## Exercise brief
After locating the line with "Joshua Jackson et" in the data that follows, return it and every later line exactly, up to and including the line with "21 Johnson Road".

## Dataset records
- - - -

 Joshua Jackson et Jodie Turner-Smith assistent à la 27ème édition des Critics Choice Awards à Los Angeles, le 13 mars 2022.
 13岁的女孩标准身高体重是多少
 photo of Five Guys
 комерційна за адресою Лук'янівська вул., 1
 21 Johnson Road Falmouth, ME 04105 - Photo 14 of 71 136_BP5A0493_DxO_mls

- - - -

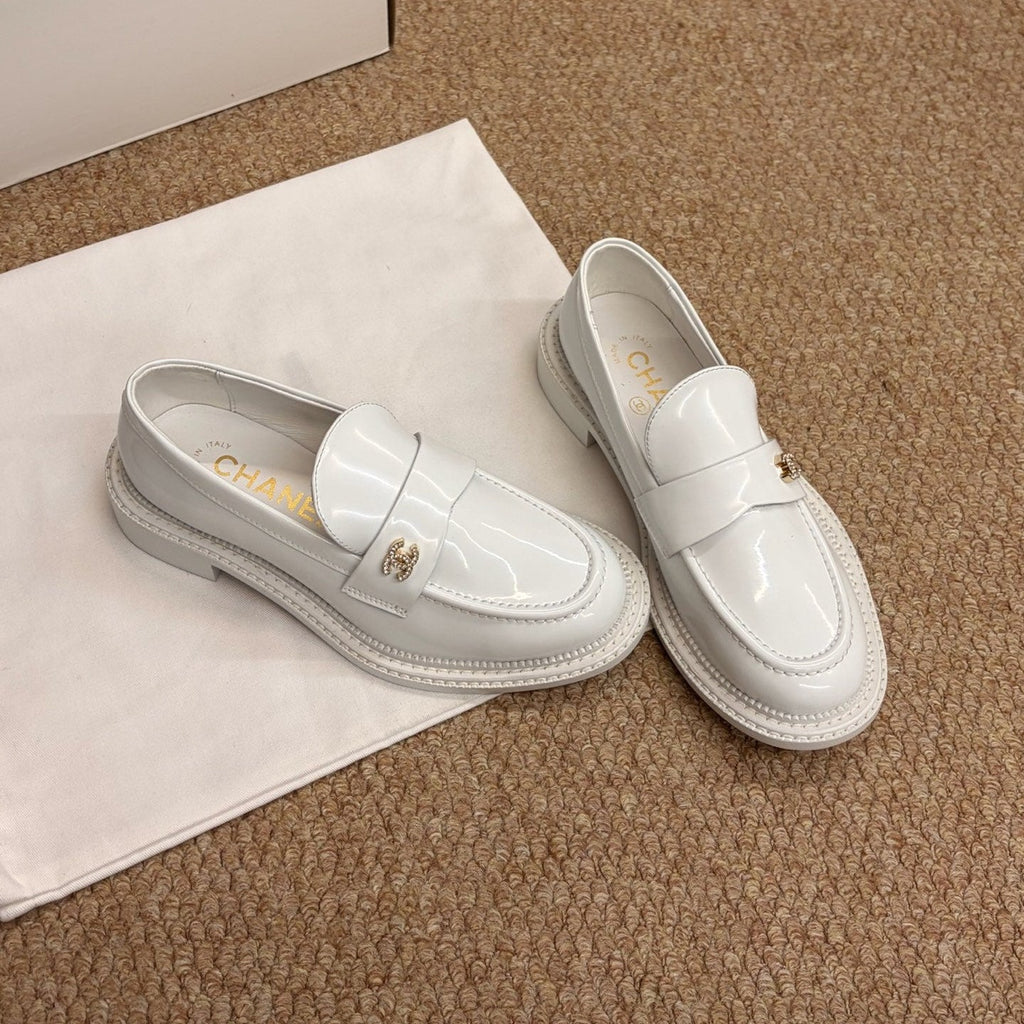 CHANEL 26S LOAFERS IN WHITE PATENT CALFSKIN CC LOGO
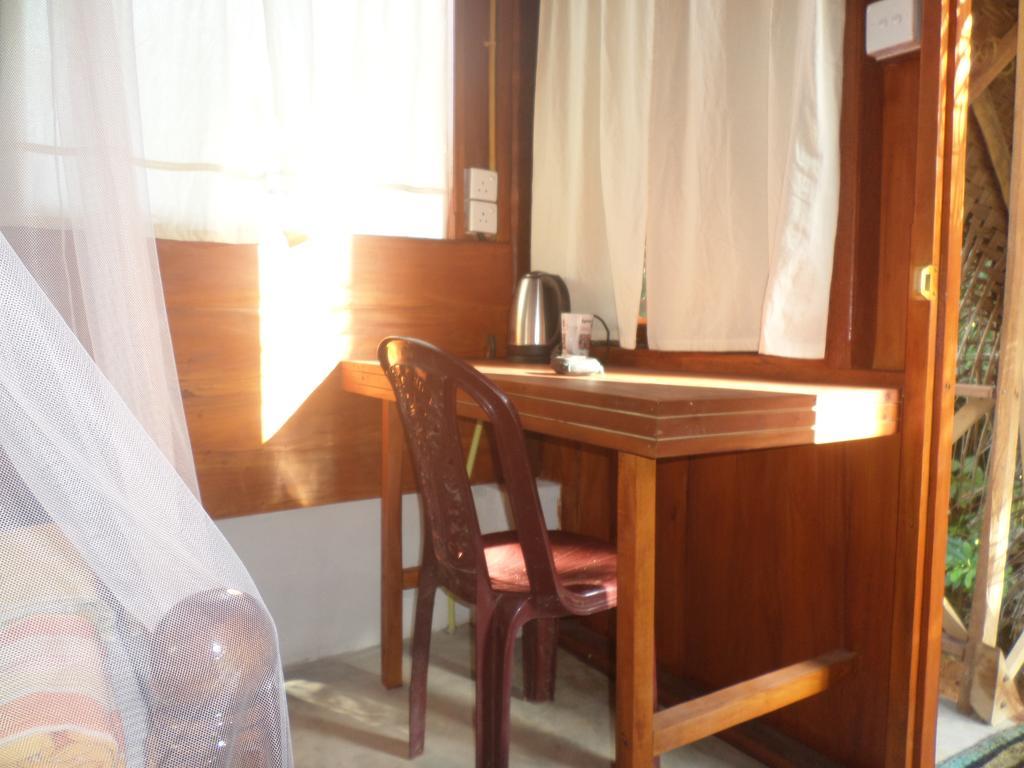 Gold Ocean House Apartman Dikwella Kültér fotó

- - - -

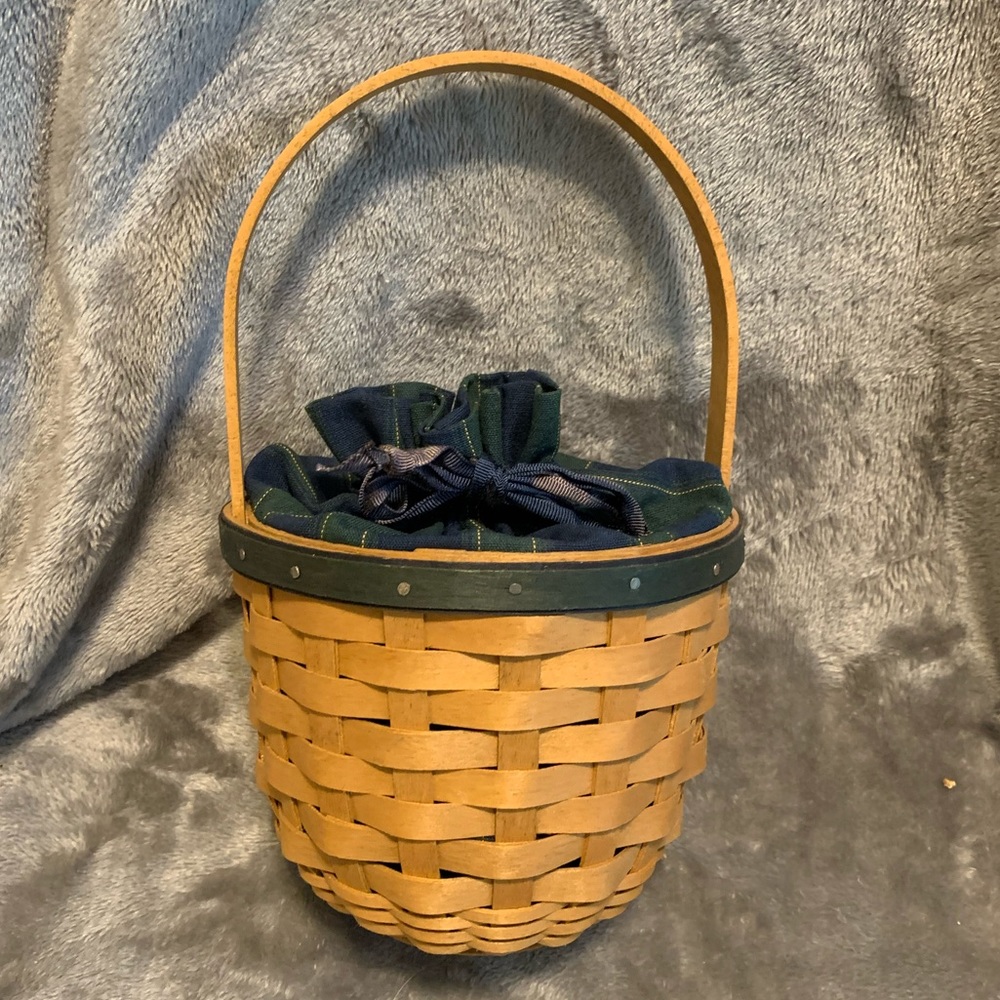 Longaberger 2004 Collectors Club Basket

- - - -

## Final answer
 Joshua Jackson et Jodie Turner-Smith assistent à la 27ème édition des Critics Choice Awards à Los Angeles, le 13 mars 2022.
 13岁的女孩标准身高体重是多少
 photo of Five Guys
 комерційна за адресою Лук'янівська вул., 1
 21 Johnson Road Falmouth, ME 04105 - Photo 14 of 71 136_BP5A0493_DxO_mls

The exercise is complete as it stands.